Task to complete
Beginning with the line where "Beautiful flower in" appears, set down each line exactly until the records below end, and omit the pictures.
■ ■ ■ ■
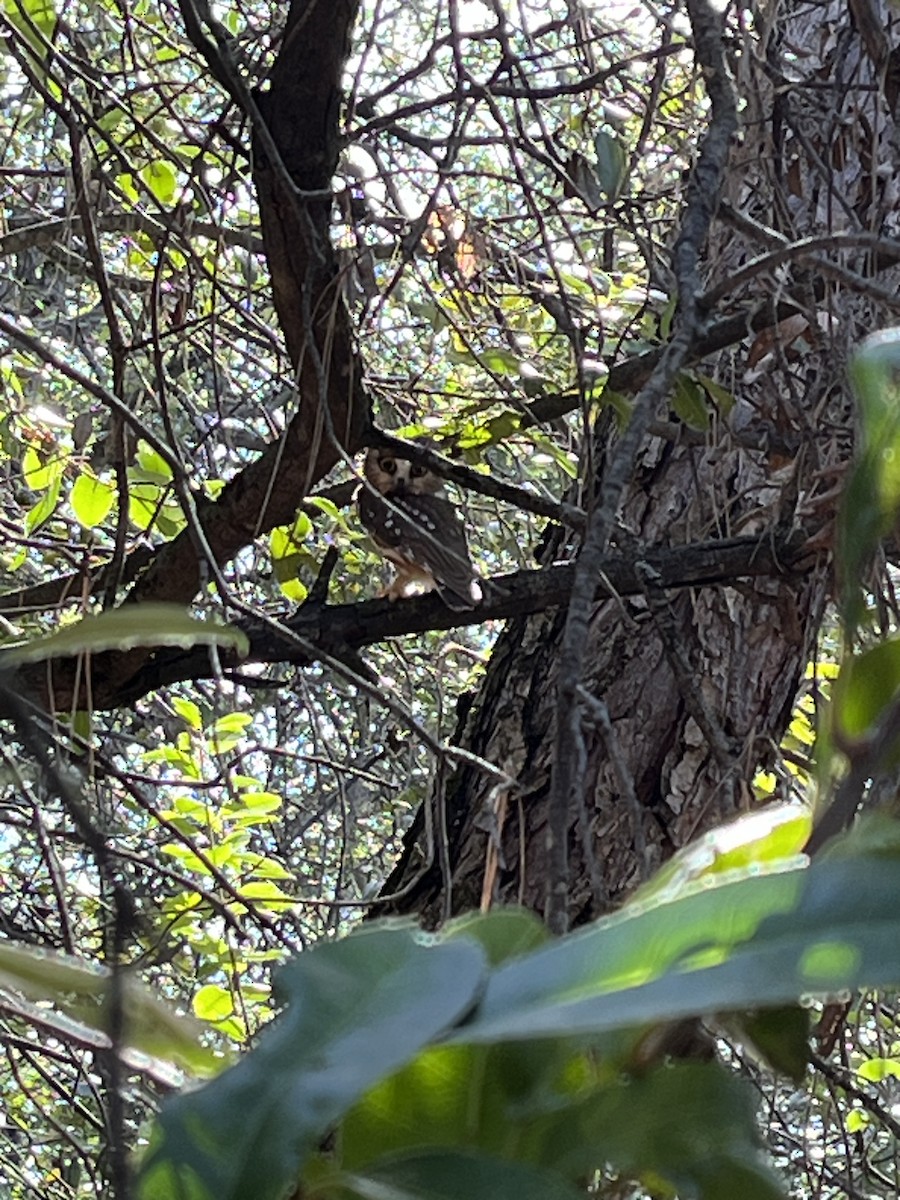 Northern Saw-whet Owl - ML616046066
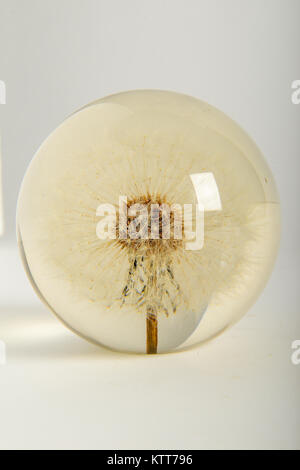 Beautiful flower in a glass sphere on white background Stock Photo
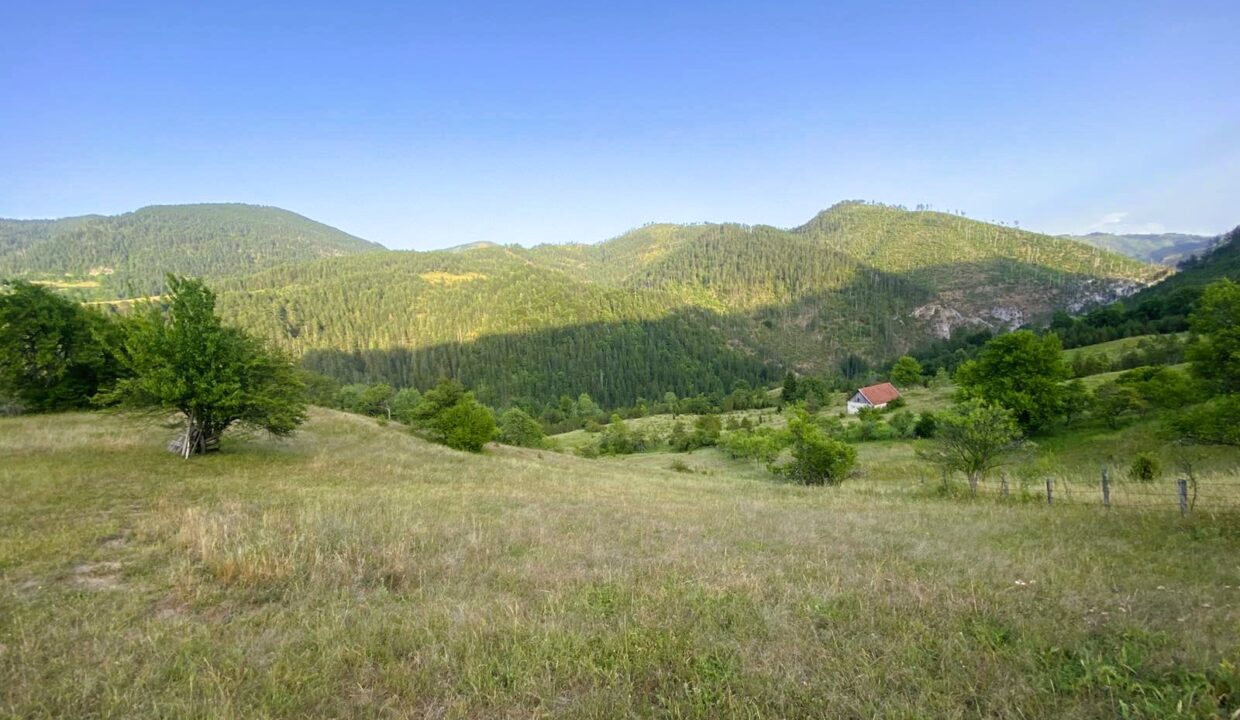 viber_image_2026-03-27_14-36-46-278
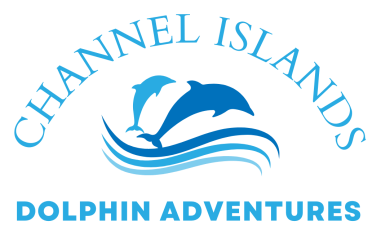 Channel Islands Dolphin Adventures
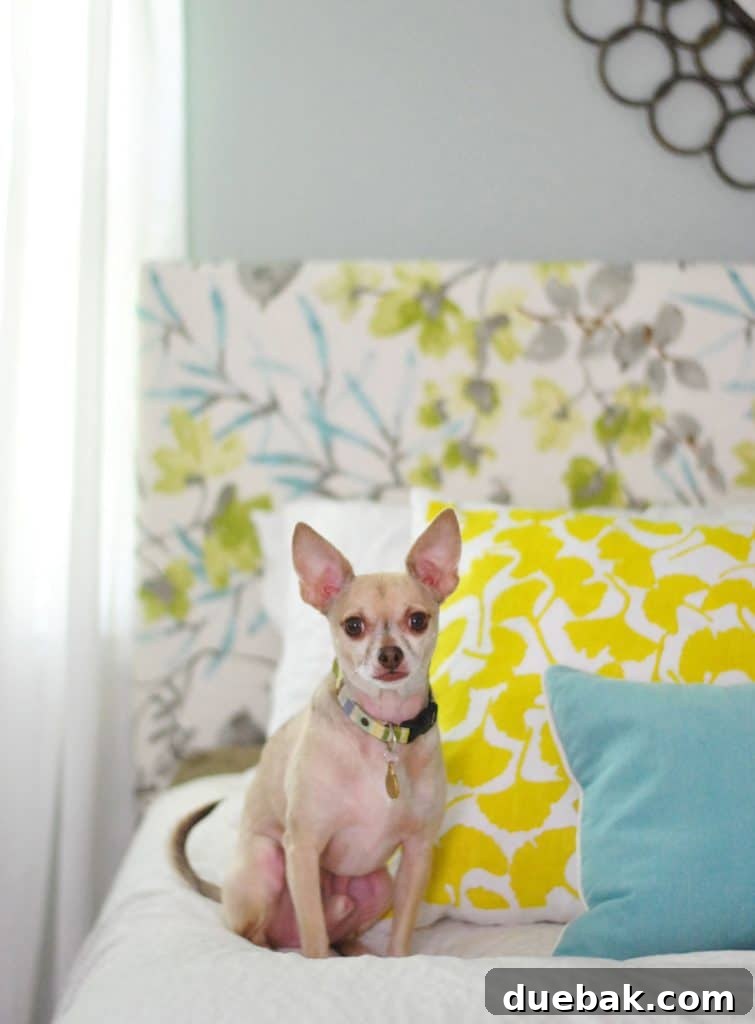 Tan chihuahua sitting on bed in front of floral upholstered DIY headboard, adding a personal touch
■ ■ ■ ■
Response for this exercise
 Beautiful flower in a glass sphere on white background Stock Photo
 viber_image_2026-03-27_14-36-46-278
 Channel Islands Dolphin Adventures
 Tan chihuahua sitting on bed in front of floral upholstered DIY headboard, adding a personal touch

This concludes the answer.